9. The sensitive element as claimed in claim 8 further including:
a contact layer disposed on said electron emitter, said contact layer being substantially transparent to electrons; and
bias supply means for establishing an electrical bias between said emitter layer and said contact layer to attract electrons emitted from said emitter layer toward said contact layer, the electrical bias being sufficiently high to cause the electrons to pass through said contact layer.
10. A method of making an infrared focal plane array having opposed first and second surfaces, comprising:
providing an infrared transparent window being substantially transparent to infrared radiation and having opposed first and second surfaces, said first surface of said infrared transparent window being said first surface of said array;
disposing an electrically conductive window on said second surface of said infrared transparent window, said electrically conductive window being substantially opaque to infrared radiation;
forming one or more transmissive areas in said electrically conductive window that are substantially transparent to infrared radiation;
disposing a photoconductor layer on said conductive window, said photoconductor layer changing resistivity in response to infrared photons incident thereon;
disposing an interface layer on said photoconductor layer; and
disposing an emitter layer on said interface layer for emitting electrons, said interface layer providing ohmic contact between said photoconductor layer and said emitter layer.
11. A method as claimed in claim 10 further including:
disposing a contact layer on said emitter layer, said contact layer being substantially transparent to electrons.

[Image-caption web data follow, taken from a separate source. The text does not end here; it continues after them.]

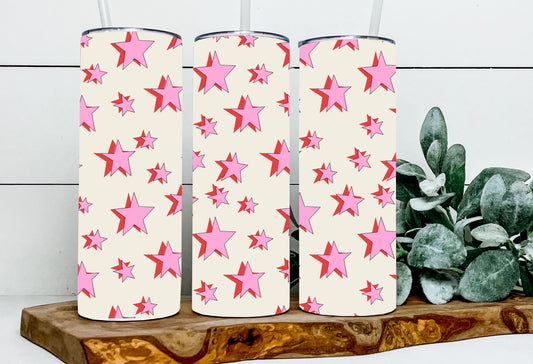 Pink & Red Stars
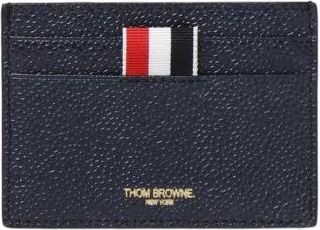 Thom Browne Wallets & Cardholders, male, Blue, ONE SIZE, Blue Leather Card Holder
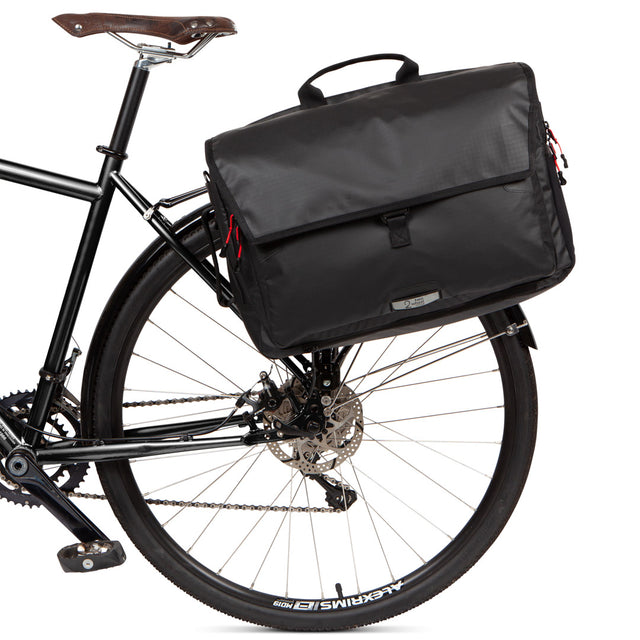 Two Wheel Gear - Magnate Pannier Messenger Backpack - Black - Recycled Fabric - Bike Bag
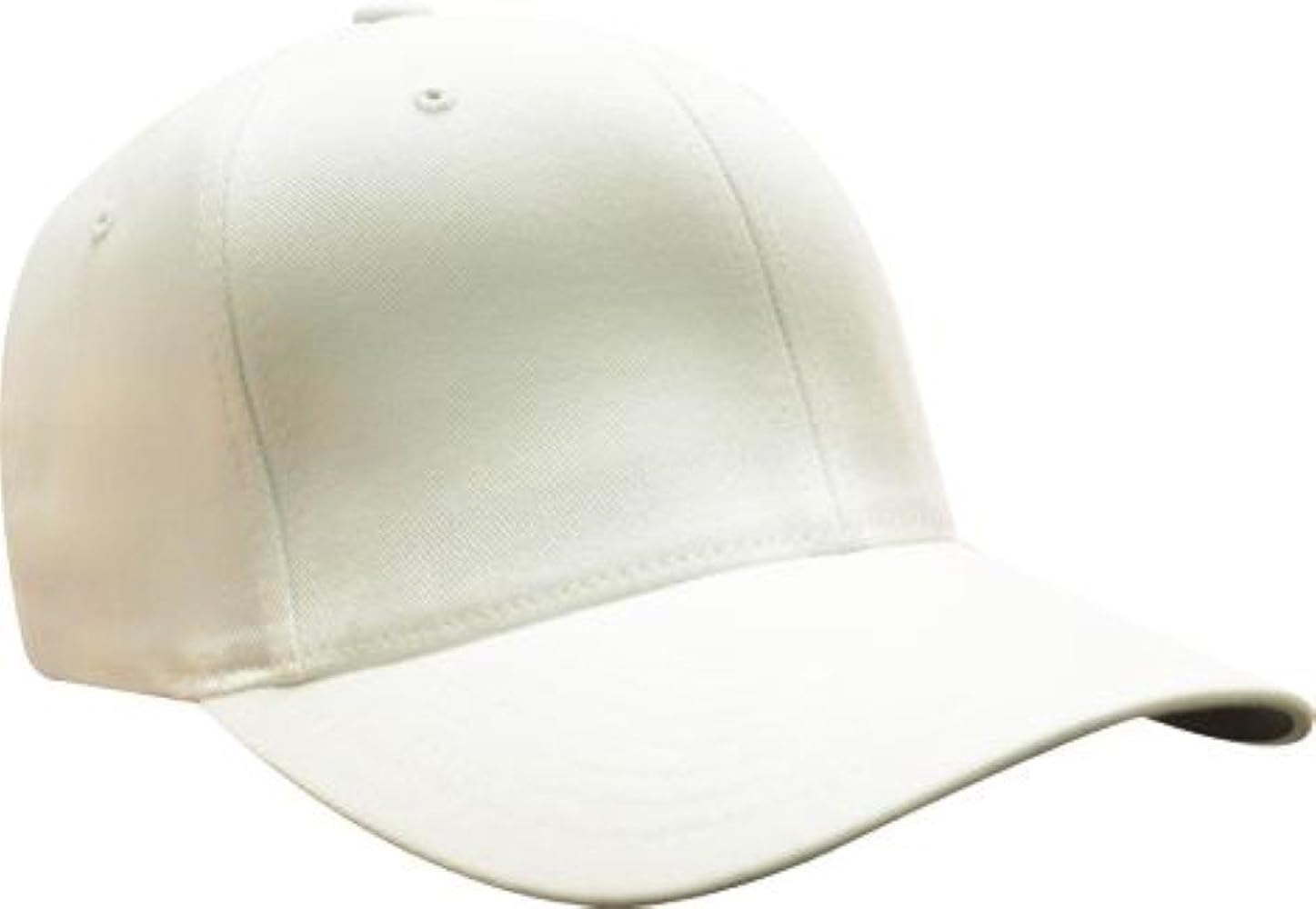 Yupoong Flexfit Hat Low Profile Twill Cap 6277 (Small - Medium / White)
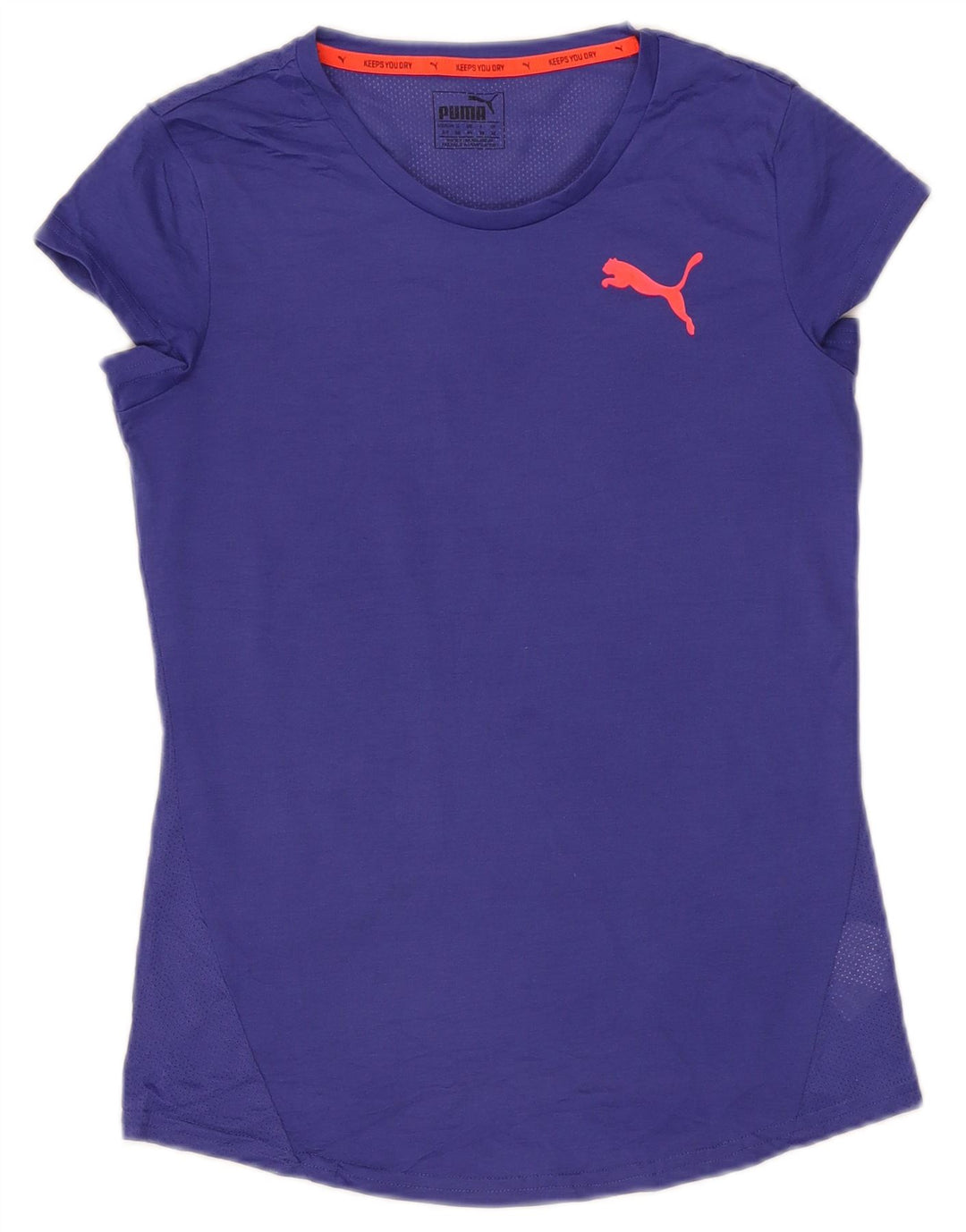 Женская футболка Puma Top UK 10, маленькая, фиолетовый, полиэстер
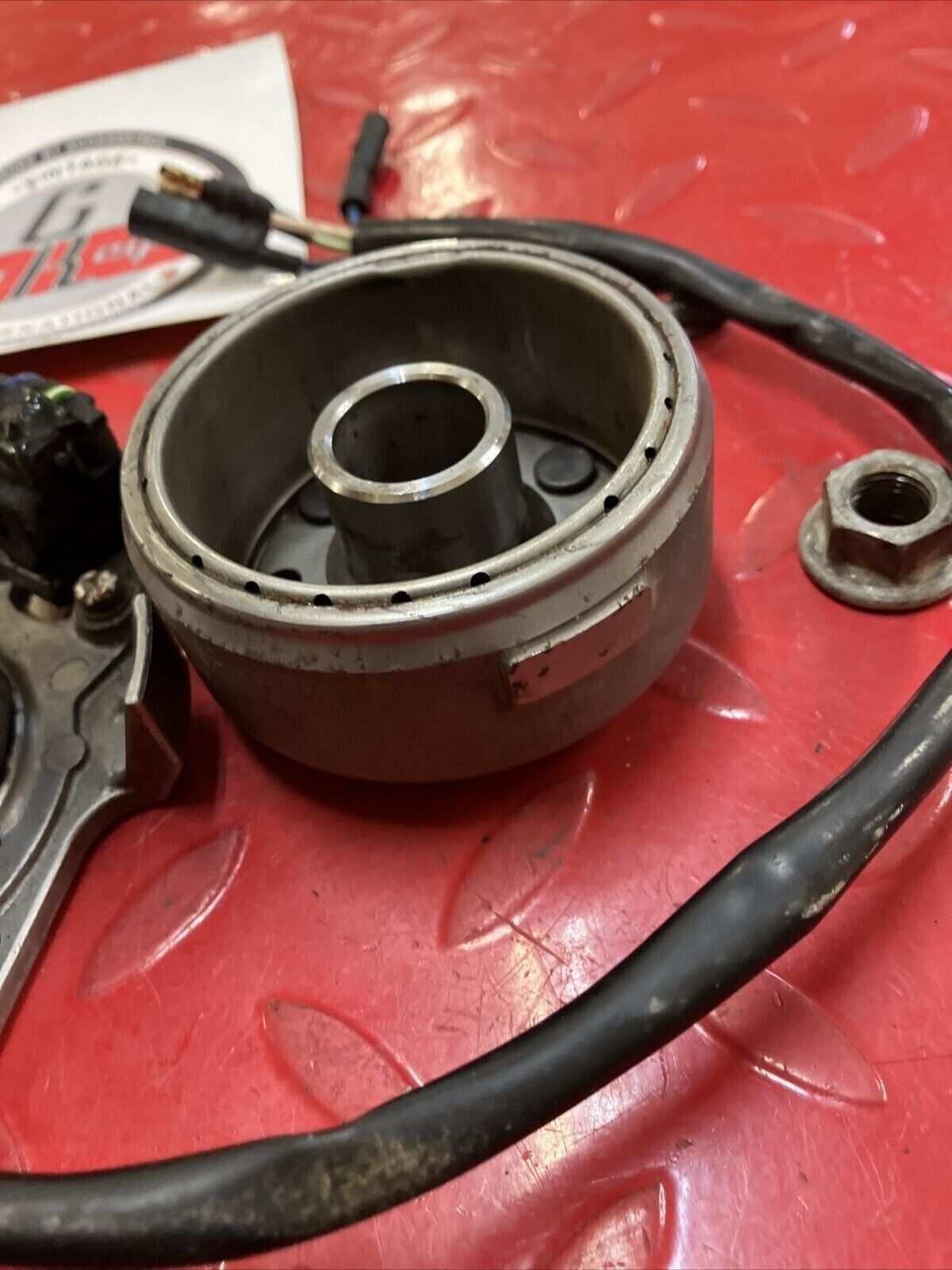 Honda CR125R 1996 stator flywheel generator alternator rotor assembly 1997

12. The method as claimed in claim 10 wherein said step of forming one or more transmissive areas includes:
disposing a first layer of photoresist on said electrically conductive window;
exposing under a mask, developing and baking said first photoresist layer to provide masking portions of said first photoresist layer wherein a portion of said conductive window is covered thereby and one or more unmasking portions of said first photoresist layer wherein a portion of said conductive window is uncovered thereby; and
etching said one or more uncovered areas of said electrically conductive window to form etched-back areas in said electrically conductive window that are substantially transparent to infrared radiation.

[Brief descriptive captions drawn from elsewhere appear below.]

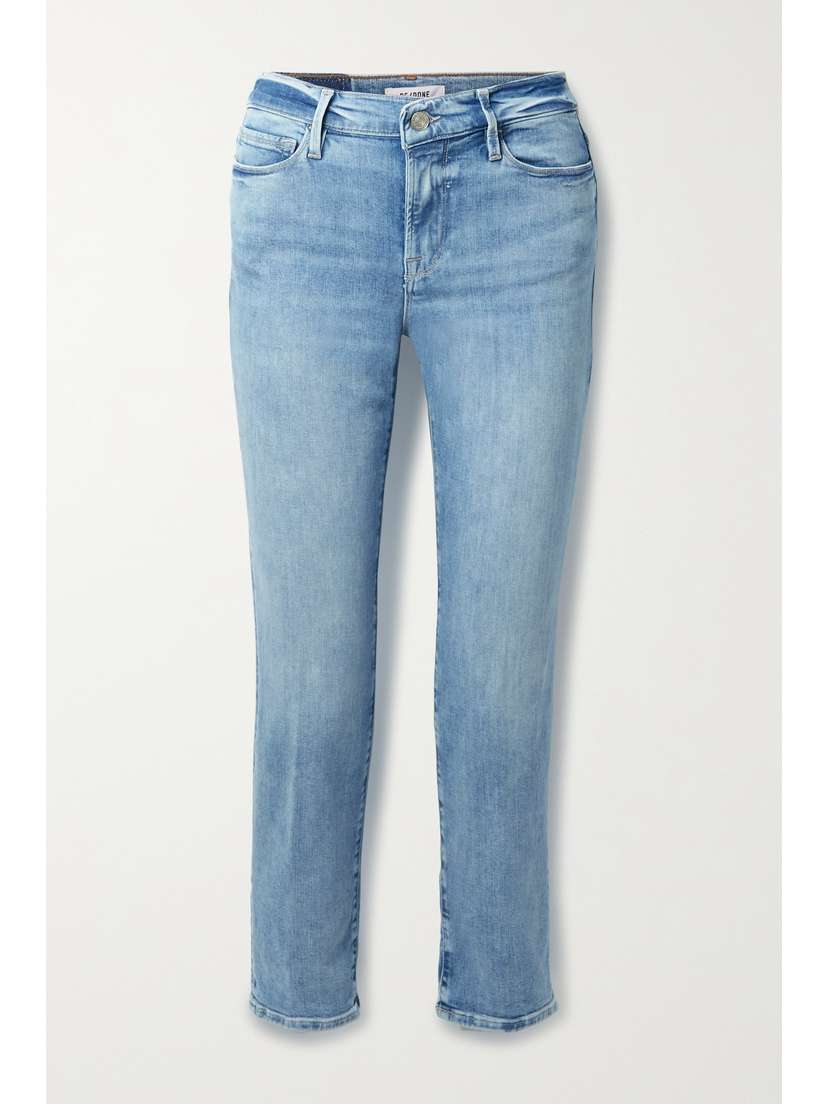 RE/DONE 90s Comfort Stretch High-rise Ankle Crop Skinny Jeans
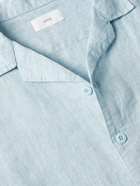 Onia - Camp-Collar Linen Pyjama Shirt - Blue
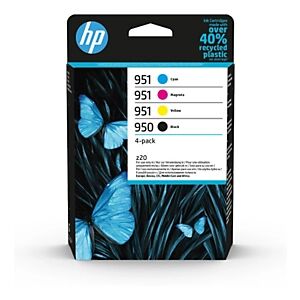 HP 950 / 951 Cartouche d'encre authentique 6ZC65AE - Pack Noir + Couleurs - Publicité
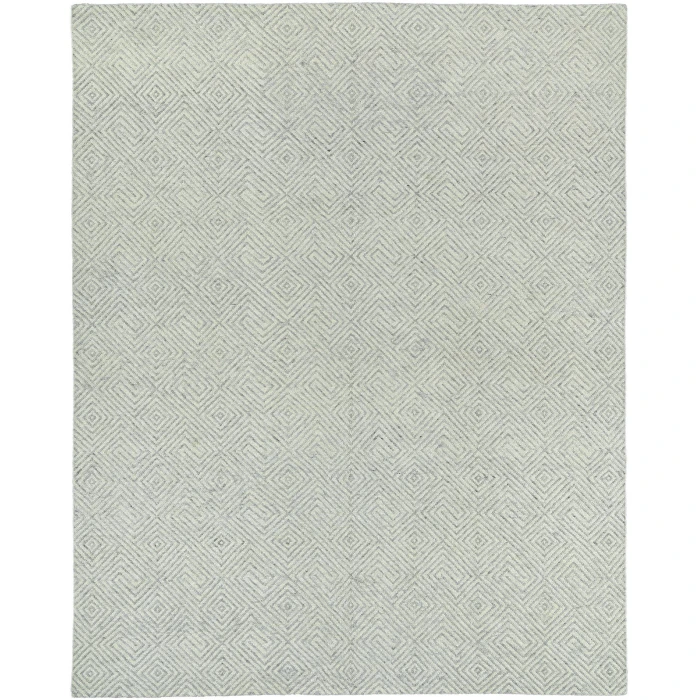 Luxe Kaleen Fletcher Silver FLE01 8ft. x 10ft. Rect. Rug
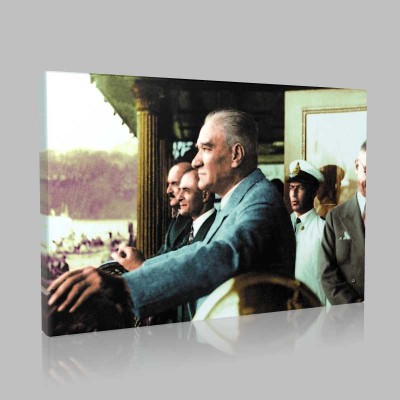 Renkli Atatürk Resimleri 352 Kanvas Tablo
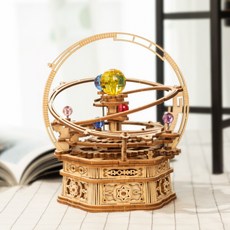 ROKR 만약 에 객 오르골 장난감 DIY 조립 모델 로 3d 입체 퍼 즐 네트워크 레 드 창의 남자 아이 생일 선물 AMK 51 별의 사랑 을 푼다 면, 상세페이지 참조, 상세페이지 참조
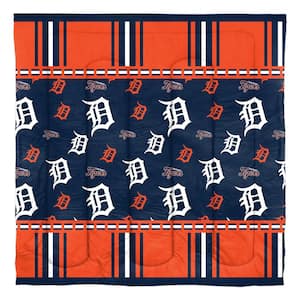 Detroit Tigers Rotary 5-Piece Queen Size Multi Colored Polyester Bed in a Bag Set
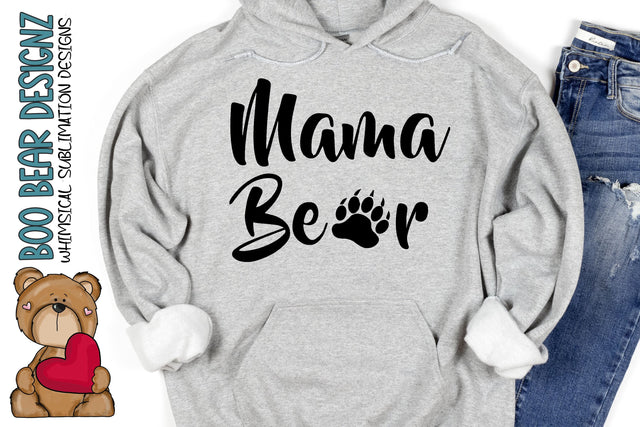 Mama Bear Svg SVG Boo Bear Designz 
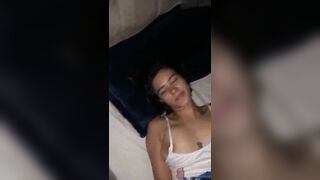 i convince my stepsister to bang and finish on her face
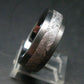 Muonionalusta Meteorite Steel Ring - 13.46 Grams - Size 10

13. The method as claimed in claim 10, further including:
disposing a second photoresist layer on said interface layer;
exposing under a mask, developing and baking said second photoresist layer to produce masking portions of said second photoresist layer wherein a portion of said interface layer is covered thereby and unmasking portions of said second photoresist layer, substantially overlying areas of said conductive window between said transmissive areas, wherein a portion of said interface layer is uncovered;
etching away said uncovered areas of said interface layer and of the areas of said photoconductor layer disposed beneath said uncovered areas of said interface layer to said electrically conductive window to provide etched channels;
disposing an insulation layer in said etched channels and on said masking portions of said second photoresist layer to a depth equal to substantially that of said photoconductor layer and said interface layer;
disposing a third photoresist layer on said insulation layer and exposing, developing and baking said third photoresist layer to provide a masking portion of said third photoresist layer overlying the portion of said insulation layer disposed in said etched channels;
stripping away said insulation layer overlying said masking portion of said second photoresist layer; and
stripping away said masking portions of said second and said third photoresist layers.

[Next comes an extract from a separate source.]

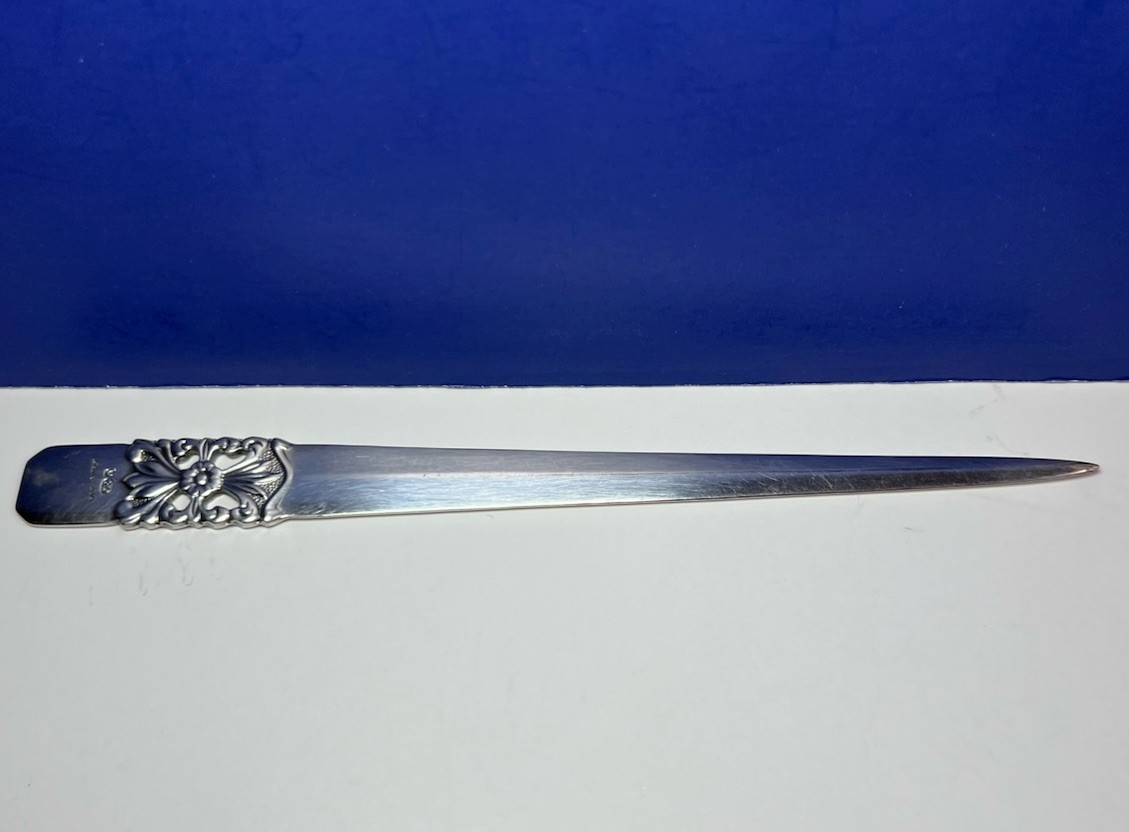 Vtg Greggio Argenterie OLRI Decorative Silver Plate Letter Opener Made in Italy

14. A method as claimed in claim 11 in which said step of disposing a contact layer further includes;
disposing a fourth photoresist layer on said emitter layer;
exposing under a mask, developing and baking said fourth photoresist layer to produce masking portions of said fourth photoresist layer, substantially overlying said transmissive areas, wherein a portion of said emitter layer is covered thereby and unmasking portions wherein a portion of said emitter layer is uncovered thereby;
disposing a contact layer material on said covered and uncovered portions of said emitter layer;
disposing a fifth photoresist layer on said contact layer material;
exposing under a mask, developing and baking said fifth photoresist layer to produce masking portions of said fifth photoresist layer wherein a portion of said contact layer material is covered thereby and unmasking portions wherein a portion of said contact layer material is uncovered thereby;
stripping away said uncovered portions of said contact layer material; and
stripping away said masking portions of said fourth and fifth photoresist layers.
Description
BACKGROUND OF THE INVENTION

1. Field of the Invention

The present invention relates to radiation converters and, more particularly, to an apparatus for converting infrared radiation to visible radiation or electric signals.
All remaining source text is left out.